Contudo, a eficácia das criptomoedas como cobertura contra estagflação continua por comprovar. Dados recentes indicam que o comportamento do Bitcoin é muitas vezes semelhante ao de ativos de risco, como tecnológicas, levantando dúvidas quanto ao seu papel de cobertura independente.
Apesar das incertezas, alguns investidores consideram as criptomoedas uma ferramenta útil de diversificação em períodos voláteis. O mais importante é perceber os riscos próprios do setor e nunca investir mais do que se pode perder.
O Bitcoin, com uma oferta máxima de 21 milhões de unidades, é teoricamente deflacionista — uma caraterística que o distingue das moedas fiduciárias, cuja emissão pode ser ilimitada pelos bancos centrais. Em termos teóricos, esta escassez faz do Bitcoin uma excelente proteção contra inflação e estagflação.

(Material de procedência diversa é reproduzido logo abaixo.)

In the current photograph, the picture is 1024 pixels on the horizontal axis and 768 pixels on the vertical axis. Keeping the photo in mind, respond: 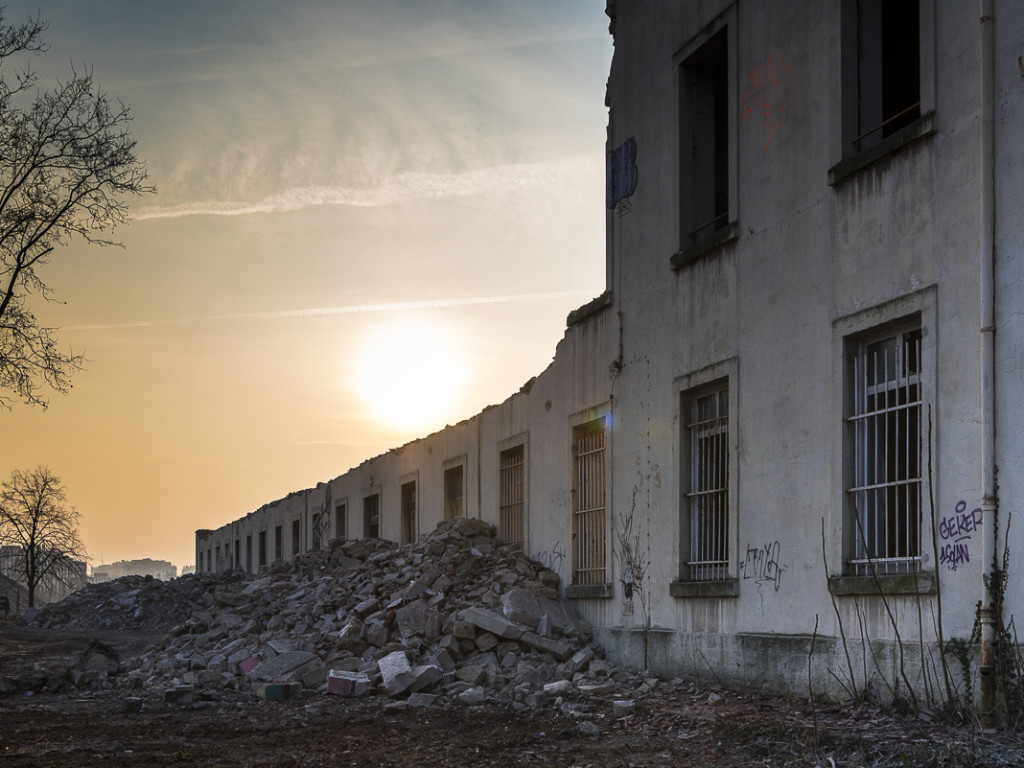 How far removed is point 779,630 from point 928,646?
2004mm

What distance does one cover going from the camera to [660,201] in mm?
12562

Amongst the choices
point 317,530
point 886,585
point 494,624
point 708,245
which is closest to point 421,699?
point 494,624

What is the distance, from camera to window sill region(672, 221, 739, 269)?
1080 cm

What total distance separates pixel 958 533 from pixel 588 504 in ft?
23.3

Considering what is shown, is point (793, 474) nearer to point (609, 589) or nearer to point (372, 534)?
point (609, 589)

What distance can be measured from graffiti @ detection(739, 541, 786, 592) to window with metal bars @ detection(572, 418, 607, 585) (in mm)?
3552

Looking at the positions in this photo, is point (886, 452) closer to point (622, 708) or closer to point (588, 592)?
point (622, 708)

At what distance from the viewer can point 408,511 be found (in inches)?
962

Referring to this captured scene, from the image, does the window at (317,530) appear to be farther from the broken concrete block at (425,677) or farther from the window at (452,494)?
the broken concrete block at (425,677)

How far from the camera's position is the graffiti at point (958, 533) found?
24.7 ft

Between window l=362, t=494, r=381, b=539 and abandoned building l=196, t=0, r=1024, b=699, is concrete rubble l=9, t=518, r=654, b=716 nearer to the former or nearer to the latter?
abandoned building l=196, t=0, r=1024, b=699

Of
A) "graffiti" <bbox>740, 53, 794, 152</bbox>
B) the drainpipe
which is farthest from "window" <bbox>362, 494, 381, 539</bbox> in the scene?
the drainpipe

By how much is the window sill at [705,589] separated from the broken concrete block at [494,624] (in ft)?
7.24

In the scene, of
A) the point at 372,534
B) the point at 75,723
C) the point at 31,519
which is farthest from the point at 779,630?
the point at 31,519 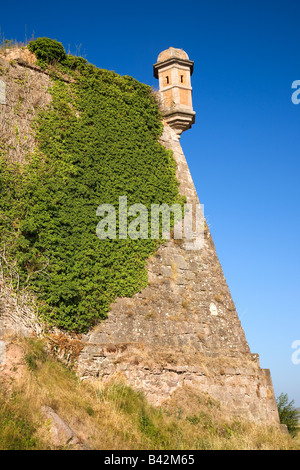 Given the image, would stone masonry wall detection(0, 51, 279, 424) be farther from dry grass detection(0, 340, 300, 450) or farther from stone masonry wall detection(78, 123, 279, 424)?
dry grass detection(0, 340, 300, 450)

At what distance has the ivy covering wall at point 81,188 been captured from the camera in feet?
31.9

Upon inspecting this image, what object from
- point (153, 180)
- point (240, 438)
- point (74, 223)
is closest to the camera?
point (240, 438)

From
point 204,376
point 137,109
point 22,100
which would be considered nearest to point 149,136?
point 137,109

No entanto, à medida que investidores institucionais tratam o Bitcoin como ações ou ativos de risco, esta teoria é posta à prova. Com a inflação a subir nas principais economias, analistas e investidores observam com atenção o desempenho do Bitcoin.
Mais recentemente, o valor do Bitcoin caiu acentuadamente — perdeu cerca de 70% desde o máximo de novembro de 2021. Esta correção ocorreu ao mesmo tempo que os bancos centrais apertaram a política monetária para travar a inflação, levando alguns a questionar a narrativa do Bitcoin como “ouro digital”.
Apesar disso, os entusiastas do Bitcoin — conhecidos como “bitcoiners” — continuam a acumular através da estratégia “stacking sats” (compra de frações de Bitcoin). Acreditam que o preço ultrapassará os 100 000$, vendo os níveis atuais como uma oportunidade face ao potencial futuro.
Esta é a primeira recessão económica significativa que o Bitcoin atravessa enquanto classe de ativos reconhecida. Embora tenha surgido em 2008, durante a crise financeira global, era então pouco considerado para investimento. O desempenho do Bitcoin — e de alternativas como o Ethereum — nestes tempos de incerteza poderá ser determinante para o seu futuro papel nas carteiras globais, confirmando ou desafiando a sua reputação como reserva digital de valor.
A estagflação é uma situação económica rara que conjuga crescimento estagnado com inflação elevada. Os traços principais são crescimento do PIB reduzido, desemprego alto e subida dos preços. Este cenário coloca desafios de grande dimensão aos mercados cripto e à economia global.
Estagflação significa que a estagnação e a inflação acontecem ao mesmo tempo. Entre as causas estão políticas monetárias inadequadas, crises financeiras e défices orçamentais. Ao contrário da inflação comum, a estagflação inclui estagnação económica a par do aumento dos preços.
A estagflação reduz o poder de compra, agrava o desemprego estrutural e aprofunda desigualdades sociais. O investimento retrai-se devido à incerteza, dificultando a retoma económica.
Os principais exemplos incluem os Estados Unidos nos anos 70 — inflação acima de 10% e crescimento fraco — e a União Soviética antes do colapso. Ambos os casos combinaram estagnação económica com inflação persistente.
Os bancos centrais aplicam políticas restritivas para conter a inflação ou expansionistas para estimular o crescimento, combinando alterações nas taxas de juro com medidas orçamentais estratégicas, para equilibrar estes desafios.